The foundation of nutrition during pregnancy lies in healthy and balanced eating, as it should always be. However, because a second living being is growing within the mother’s body, the expectant mother and her surroundings become more sensitive and cautious. In fact, this sensitivity is necessary. Studies conducted in recent years suggest that the foundations of certain diseases are laid in the mother’s womb and that the food, drinks, and toxic substances the expectant mother is exposed to can lead to various illnesses.

The primary goal of nutrition during pregnancy is to ensure the mother remains healthy and vigorous. Certain points we recommend to expectant mothers will both ensure the baby is nourished correctly and help the mother have a comfortable, problem-free pregnancy. Naturally, there will be different needs in different months of pregnancy. For instance, since nausea and vomiting can be intense in the first trimester, different suggestions will be made, while in the following weeks, additions will be made according to potential complaints such as edema and leg cramps.

During the first trimester, we advise the expectant mother to consume dry and cold foods frequently—every two hours—without getting stressed, reassuring her that the baby will grow by utilizing the mother’s reserves in any case. Excessive insistence from the mother or the family can increase nausea and vomiting, leading to heightened stress levels.

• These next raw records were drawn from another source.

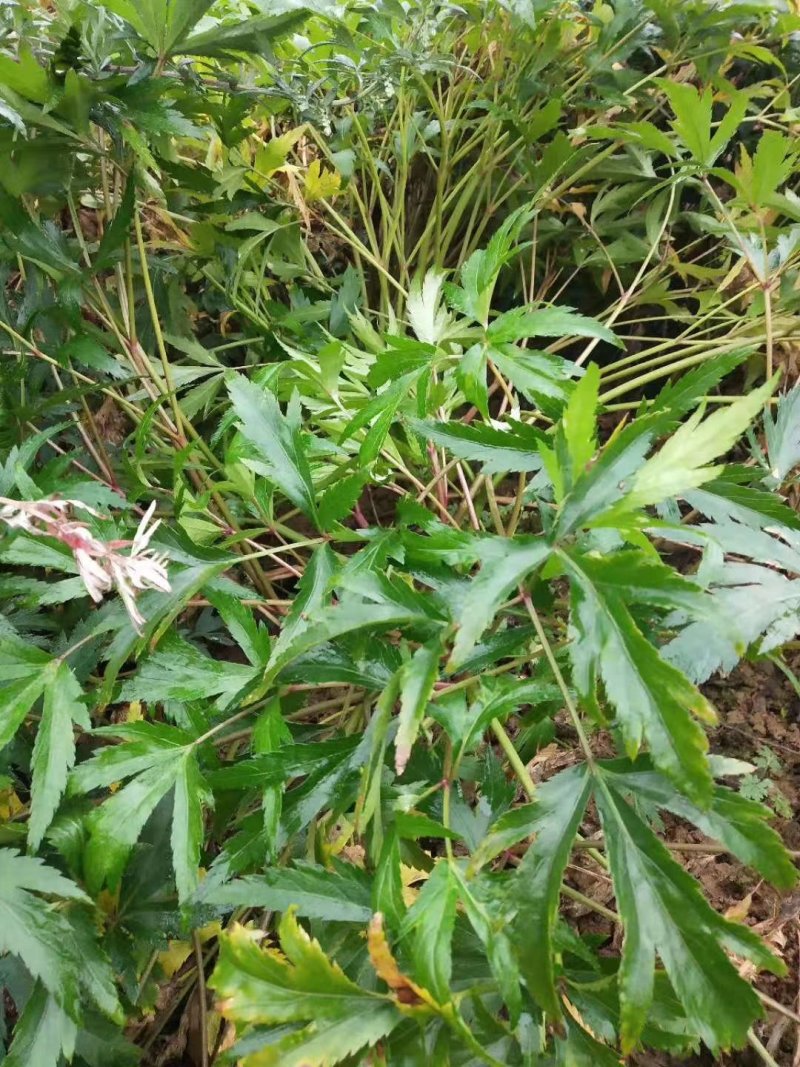 新鲜当归药材当归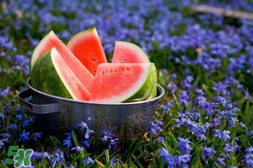 怀孕五个月能吃西瓜吗,西瓜孕妇能吃么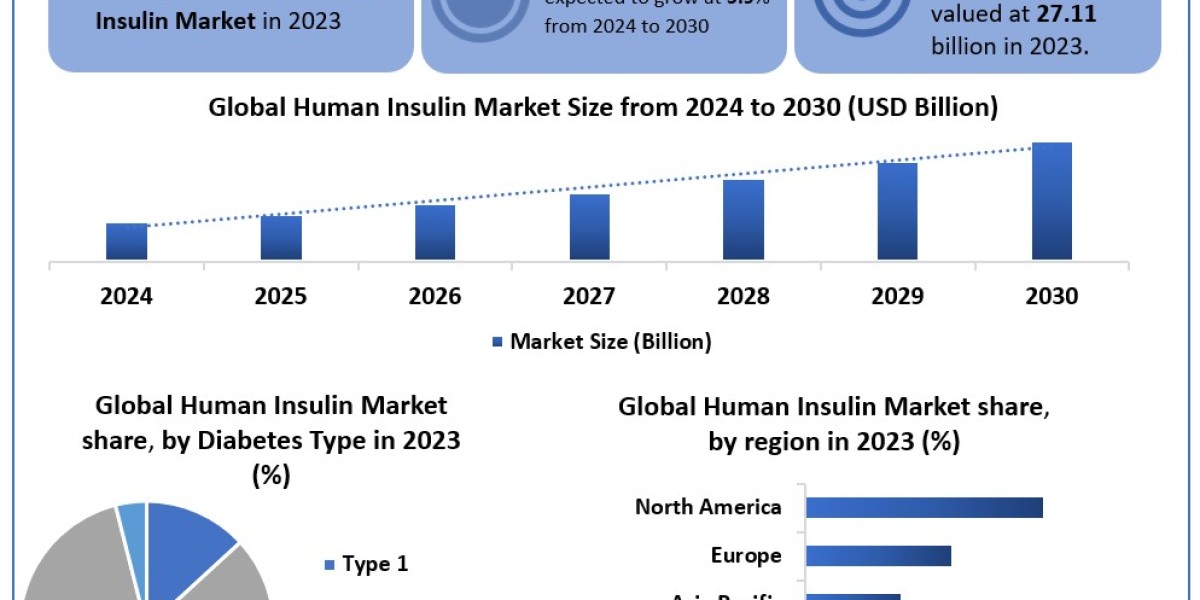 Human Insulin Market Key Stakeholders, Growth Opportunities and Sales Channels Analysis 2030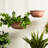Autley Metal Hanging Planter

After the first trimester, fluid intake should increase; at least 6-8 glasses of water must be consumed daily. This is essential for maintaining the expectant mother’s bodily balance. It also helps against constipation and intestinal problems.

While folic acid is sufficient as a vitamin during the first three months, a transition to multivitamins can be made at the end of the first trimester. Additionally, efforts should be made to increase the intake of vitamins and minerals through food. For example, consuming fish twice a week and a handful of walnuts daily is recommended as they are rich in omega fatty acids. Similarly, a handful of almonds a day is rich in magnesium and should be encouraged. Such foods can be consumed as snacks after breakfast, in the afternoon, or as light bites between meals.

After the first trimester, calcium and vitamin D supplements can be taken via medication. Additionally, consuming a bowl of yogurt daily will be beneficial for issues like constipation and serves as excellent calcium support.

Following the first three months, the consumption of iron-rich red meat, molasses, and legumes should be increased; these foods help the expectant mother feel better and increase her resistance. Consuming red meat twice a week is recommended. If intake is insufficient, iron supplements should be provided.

When these key points regarding nutrition during pregnancy are followed, the pregnancy will generally proceed smoothly. However, for expectant mothers with issues such as gestational diabetes, high blood pressure, or excessive weight, seeking help from a dietitian is recommended. If a controlled pregnancy can be maintained in such cases, the mother and baby can complete the journey healthily, with minimal negative impact on the mother. The baby will also be born healthy and with development consistent with its gestational week.

To summarize, nutrition during pregnancy should not be a source of stress; an effort should be made to consume balanced and healthy foods so that both the expectant mother and the baby can successfully complete this nine-month pregnancy marathon.